A snarl from his snow leopard daemon sent the guards scurrying back into the darkness of the night. Waiting until they had gone, the warm hand dropped her wrist, the man taking a step back. He was tall, taller than Edward with broad shoulders. His strong chiseled features made everything around him seem so small and weak in comparison. Next to him the stone statues perched on the fountain seemed to wither. Tawny blond hair framed a handsome face that was dominated by dark, deep, unfathomable eyes. She swooned, slightly, feeling as though she was drowning in their dark and dangerous depths and forced herself to tear her gaze away, her cheeks blushing. For his part, he cocked his head slightly to the side, a lion assessing his prey.
A man, oh yes, a powerful man but a mere man nonetheless, the golden monkey reminded her with a furtive glance, amenable to their will.
"Thank you," Marisa smiled sweetly, her confidence returning. "How embarrassing! I'm afraid I have left my invitation lying on the dressing table in the powder room."
"Liar." He replied, watching her with the faintest trace of sardonic amusement. "I saw you earlier on in the Rose Ballroom."
"Then why did you defend me just now?" Marisa asked, glaring fiercely at him, for she had never before met a man who had not melted at the sound of her melodic voice and succumbed to her will. "I don't know you."
"If it would please you, I shall fetch the guards and tell them to remove you," he offered, with a casual shrug.
"No," she replied hastily. "Please, I mean no harm. I just wanted to see what all the fuss was about, that's all. My name is Marisa."
The snow-leopard daemon gave a soft growl, her tail swishing behind her.
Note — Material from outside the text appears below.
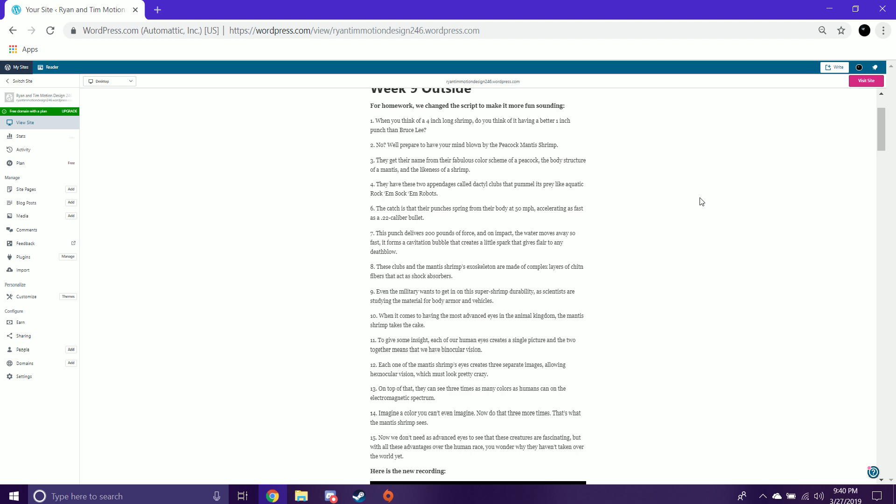When it comes to having the most advanced eyes in the animal kingdom, the mantis shrimp takes the cake. To give some insight, each of our human eyes creates a single picture, and the two together means that we have binocular vision. Each one of the mantis shrimp's eyes creates three separate images, allowing hexnocular vision. On top of that, they can see three times as many colors as humans can on the electromagnetic spectrum.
The man placed a hand on her snow-white head to placate her, smiling charmingly at Marisa, those dark eyes melting slightly.
"Well then, since you've gone to all this effort to come and visit us Marisa, I should at least introduce you to the King," he told her with an amused chuckle.
"I don't even know who you are, though," Marisa whispered softly, accepting his offer of his arm, "let alone the king."
"Asriel," he told her, leading her towards the gold gilded doors of the Palace. "Asriel Belacqua."
In the Chapel, as it lay dying on the table, drowning in the silver tears from above, the petal shifted and shimmered in the moonlight, its colours melting and merging together until it glowed the deepest crimson, lighting the rose up above so it appeared as though the Aurora itself was painted onto the Rose.
The last act, its swan song.
For on this cold winter's eve, the eve of the day of the Saint to whom the Rose had belonged, it had been touched by a stained soul.
To be capable of the greatest evil, one must first experience the deepest of love.